Goody's Family Clothing Inc. was an American chain of department stores, owned and operated by Stage Stores and headquartered in Houston, TX. It specialized in retailing on-trend apparel, accessories, cosmetics, footwear, and housewares.

It was a successor to a chain of clothing retailers that was based in Knoxville, Tennessee. At one time Goody's operated close to 500 stores in the U.S South and Midwest, including Alabama, Arkansas, Florida, Georgia, Illinois, Indiana, Iowa, Kansas, Kentucky, Louisiana, Maryland, Mississippi, Missouri, North Carolina, Oklahoma, Ohio, South Carolina, Tennessee, Texas, Virginia, and West Virginia. In late 2010, Goody's opened 17 new stores in the Southeast.

Brands exclusively found at Goody's include Valerie Stevens; Signature Studio; Sun River; Rustic Blue; Rebecca Malone; and Wishful Park.

==History==
Goody's was founded in 1953 in Athens, Tennessee, by M. D. Goodfriend as an offshoot of a family retail business, The M. Goodfriend Store, that the founder's father, Mike Goodfriend, had started in Athens in 1913. The new store, Athens Outlet Store, focused on the sale of closeout, irregular, and previous-year merchandise. The business grew, operating 20 stores by 1970.

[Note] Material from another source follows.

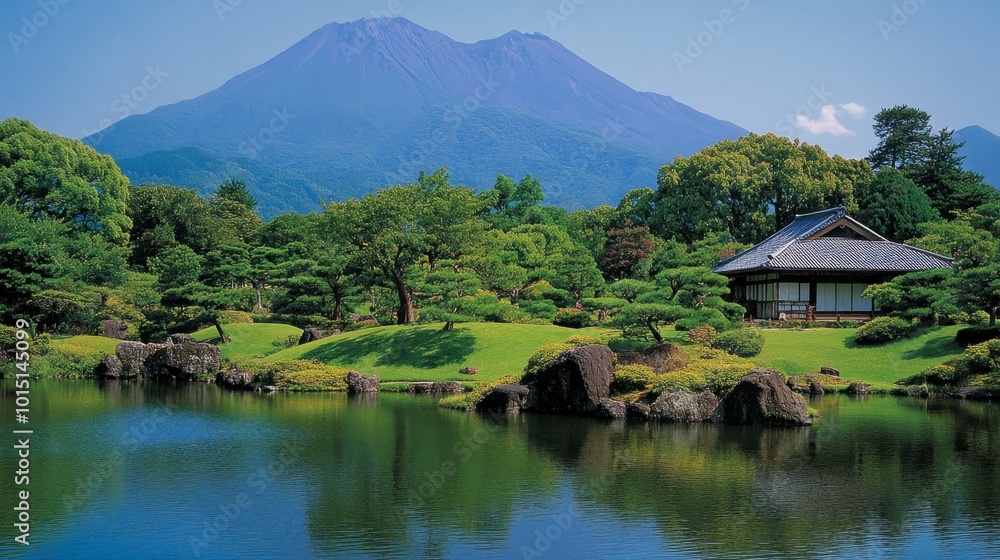 A peaceful view of the Sengan-en Garden in Kagoshima, with views of the active volcano Sakurajima in the background. A peaceful view of the Sengan-en Garden in Kagoshima, with views of the active volcano Sakurajima in the background.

In 1978, the name was changed to "Goody's". "Goody" was the college nickname of M. D. Goodfriend's son Bob, who had joined the family business in 1972. In 1979, Bob Goodfriend became president of the business and the company changed its merchandise focus from the outlet model to offering current, first-quality, brand-name merchandise. With this new strategic direction, the chain expanded rapidly. A private-label clothing line was launched in 1993. By 1998, the chain recorded $1 billion in annual sales, and in 2000 it opened its 300th store. By 2004, there were more than 350 stores recording annual sales of $1.3 billion.

In 2006 Goody's became a privately held company again when it was acquired by GMM Capital and Prentice Capital Management in January 2006. Sales in 2006 totaled $1.6 billion. In 2008 Goody's filed for Chapter 11 bankruptcy and announced it was to close 69 stores. While Goody's successfully left Chapter 11 bankruptcy, it was announced four months later in early January 2009 that Goody's had filed for Chapter 7 bankruptcy and planned to liquidate all of their stores. Following the liquidation of the stores, the Goody's trademark was acquired by Houston-based Specialty Retailers (later renamed to Stage Stores) in July 2009, with plans to reopen stores starting later that year.

In September 2019 it was announced that Goody's, along with all other stores operated by Stage Stores Inc, would be converted to Gordmans stores by the end of 2020.

On May 10, 2020, Stage announced it had filed for Chapter 11 Bankruptcy, and that it would liquidate all locations, Goody's and Gordmans included, unless a buyer could be found for the chain. No buyer had been found, and going out of business sales had begun at all locations.

In 2022 BrandX bought the Goody's brand for an undisclosed amount, with intentions of re-establishing it in 2022.